И Ингитора понимала, почему он говорит ей это. Потому что она была той, от которой он ждал и желал любви длиннее, чем одна жизнь. Эти слова отвечали ее собственным смутным ощущением, но она не знала, что это самое завещали людям боги. То, что она узнала об этом от чужого, незнакомого человека, случайно встреченного в глухих лесах Квиттинга, казалось не чудом, а судьбой. Ей тоже было все равно, кто он и как его зовут – самое важное она знала.
– Другой жизни нам ждать не обязательно, и не надо мне, чтобы ты была мужчиной, наоборот, ты мне как женщина гораздо больше нравишься. Я только одного боюсь – что ты исчезнешь, когда мы дойдем до людей. Не исчезай, – серьезно попросил он, держа ее за плечи. – У нас все получится. А потом я сделаю для тебя все, что ты захочешь. Я же понимаю, ты неспроста одна в лесу оказалась. Если кто-то тебя обидел, я его по земле размажу. Я не бог, но там, где нужна просто сила или куча серебра, я могу все. Все, что вообще под силу простому смертному… из рода Кона Юного. – Он наконец усмехнулся, намекая, что потомок упомянутого героя, в общем-то, гораздо ближе к божеству, как его самое младшее и самое любимое дитя. – Кто бы ни были твои враги – считай, что у тебя есть войско на сотне кораблей.
Ингитора только улыбнулась, как будто ей пообещали охапку цветов. Всего пару месяцев назад она только и мечтала о том, чтобы у нее вдруг каким-то чудом оказалось войско на сотне кораблей, способное сражаться с конунгом. Но с тех пор она стала совсем другой. – Я совсем не знаю, что со мной будет, – тихо сказала она. – Где я буду, как я буду жить? Мне кажется, у меня и нет другого дома, кроме Медного Леса. То есть у меня есть целая усадьба, моя собственная, но я не смогу вернуться туда, потому что я уже не та, какой ушла, мой истинный дом уже не там. Я ушла, а она осталась на месте, если ты можешь это понять.
– Я могу это понять. Я тоже шел сюда и думал, что мне будет впору не возвращаться, если я не достану его . Я шел за вещью, которая должна была вернуть мне веру в себя и радость жизни…
– Тебе их не хватало? – с изумлением воскликнула Ингитора, в глазах которой он стал воплощением именно этих двух сокровищ – веры в себя и радости жизни.

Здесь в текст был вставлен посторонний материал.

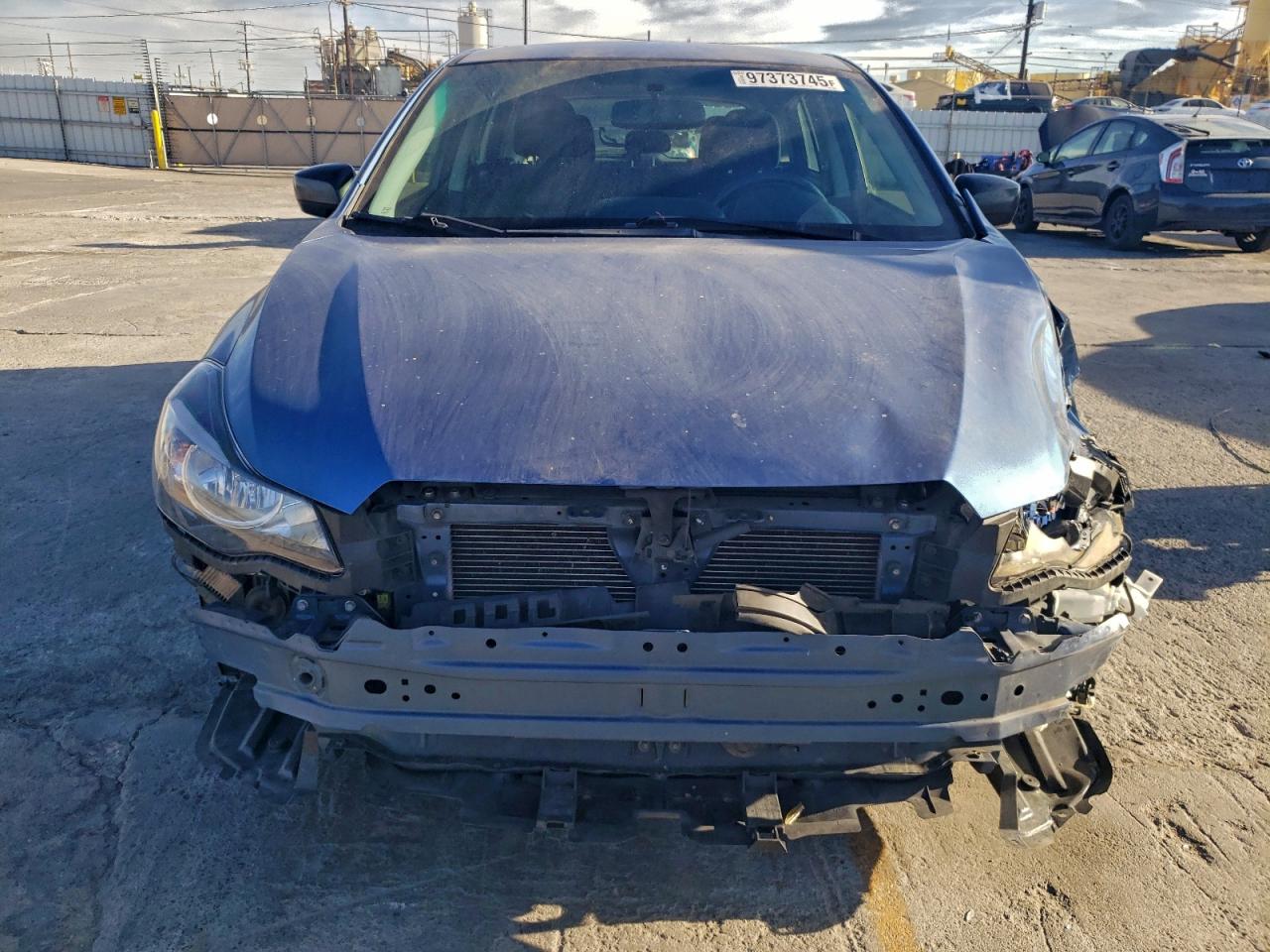 2015 SUBARU IMPREZA photo 9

– Да! – ответил он, отчасти понимая ее изумление. – Видела бы ты меня зимой и в начале весны! То есть слава Фрейру, что не видела! Но, похоже, я уже нашел их… под ореховым кустом. Теперь они у меня есть, и я их больше от себя не отпущу.
Он осторожно провел кончиками пальцев по ее виску, словно оправляя прядь волос, и Ингитора понимала, о чем он говорит. Выходило, что они оба стали друг для друга тем, к чему стремились и чего им не хватало. Ее переполняло благоговение перед этим чудом, но не удивление, в котором всегда есть примесь недоверия – она не могла сомневаться в том, чему только что получила доказательства.
Они смотрели друг на друга с одной и той же мыслью в глазах и бессознательно сжимали руки друг друга. Они действительно были единственными людьми на земле – единственными, кто мог сделать друг для друга то, что они сделали. Что-то жило в них изначально, еще пока они не знали друг друга, что-то, сделавшее их подобными кремню и огниву, при встрече которых рождается огонь. Вся эта смесь мыслей, чувств, впечатлений, влечений пять суток лихорадила и плавила их, как золото и медь, превращая два разных, но чем-то схожих металла в сплав – «красное золото», сверкающее, как солнце.
– Дом у тебя теперь будет, – тихо сказал Торвард, имея в виду гораздо больше, чем крышу над головой. – И у меня тоже.
«Мой дом там, где ты!» – только взглядом ответила Ингитора, но именно на то, что он и хотел ей сказать.
Дагейда, пробуждая туманных великанов, желала совсем не этого. Но что она могла сделать, дочь инеистых великанов с холодной синеватой кровью, против огненной стихии небес, которая так велика, что даже не вмещалась в ее понимание?